■ **Task brief**
Pictures do not belong in the copy. Return all of the entries exactly.

(Items from a dataset)
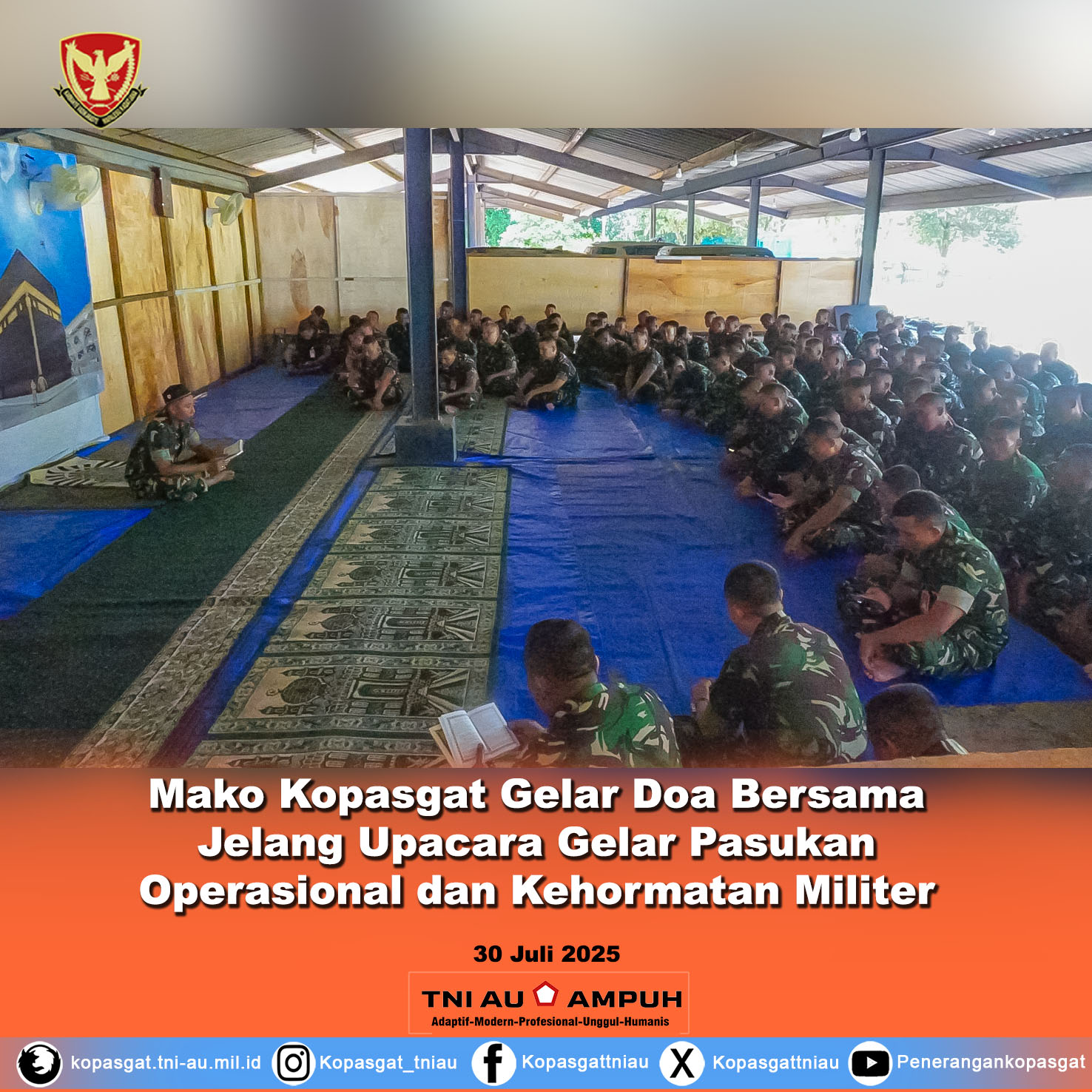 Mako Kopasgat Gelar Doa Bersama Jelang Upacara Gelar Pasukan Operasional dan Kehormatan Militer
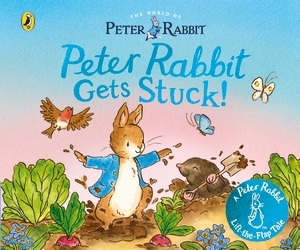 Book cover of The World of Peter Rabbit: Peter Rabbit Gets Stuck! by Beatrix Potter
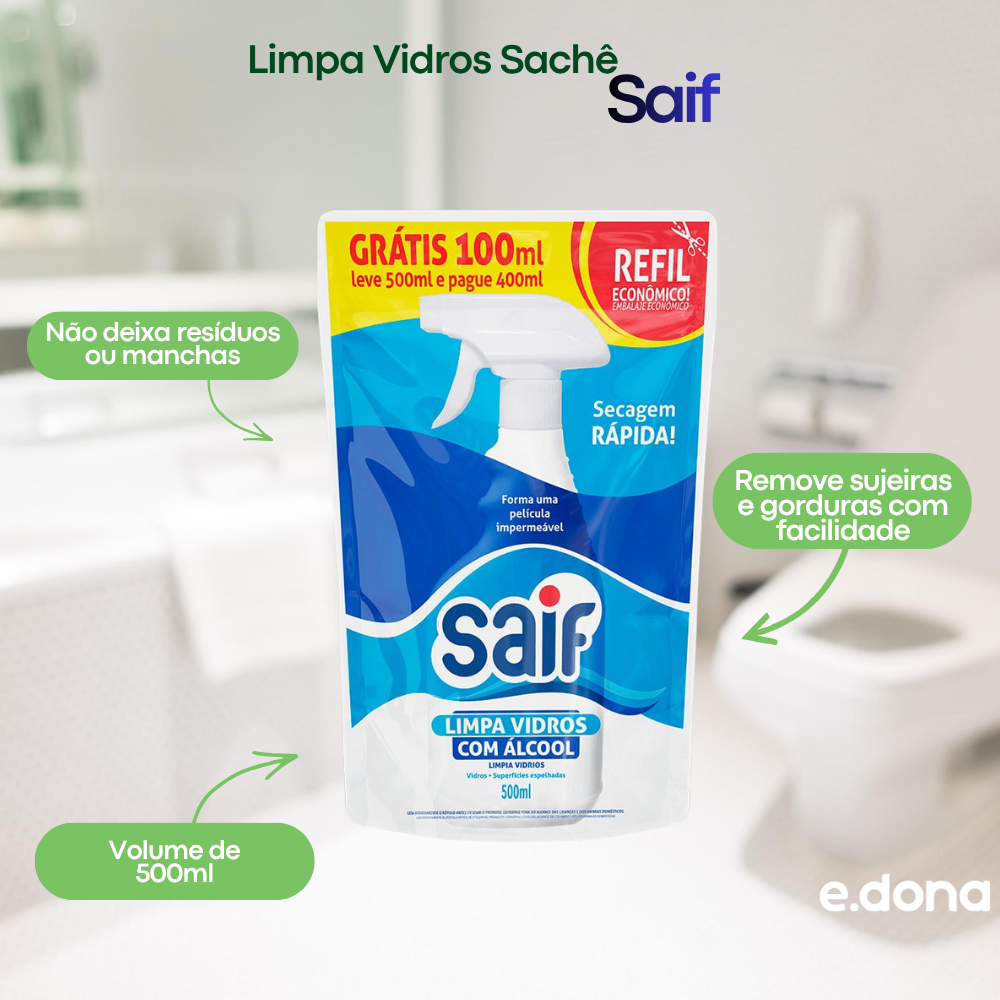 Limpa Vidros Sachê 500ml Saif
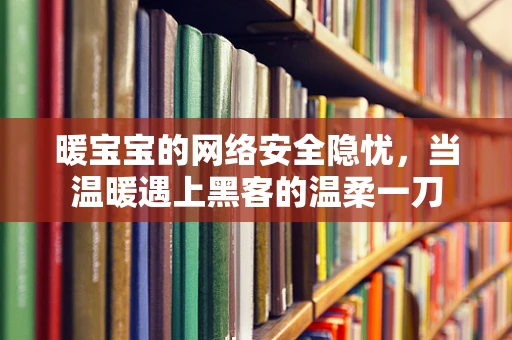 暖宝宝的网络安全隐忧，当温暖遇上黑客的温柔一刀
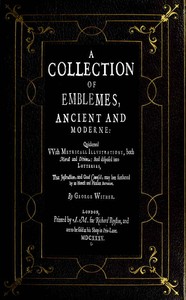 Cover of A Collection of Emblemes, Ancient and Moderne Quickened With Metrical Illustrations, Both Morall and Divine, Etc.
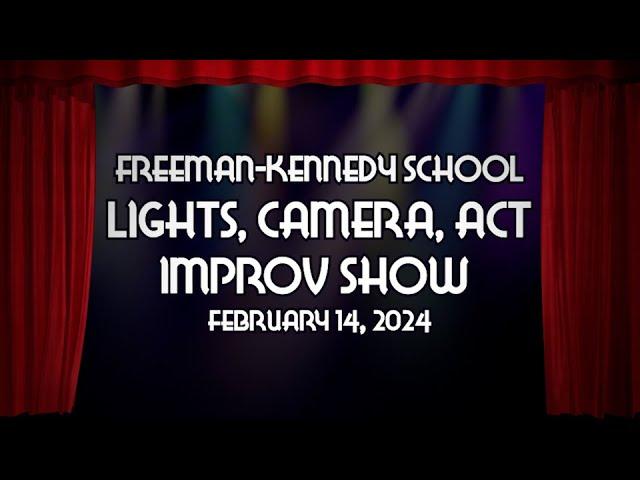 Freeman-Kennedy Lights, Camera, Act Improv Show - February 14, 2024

■ **Answer to this exercise**
 Mako Kopasgat Gelar Doa Bersama Jelang Upacara Gelar Pasukan Operasional dan Kehormatan Militer
 Book cover of The World of Peter Rabbit: Peter Rabbit Gets Stuck! by Beatrix Potter
 Limpa Vidros Sachê 500ml Saif
 暖宝宝的网络安全隐忧，当温暖遇上黑客的温柔一刀
 Cover of A Collection of Emblemes, Ancient and Moderne Quickened With Metrical Illustrations, Both Morall and Divine, Etc.
 Freeman-Kennedy Lights, Camera, Act Improv Show - February 14, 2024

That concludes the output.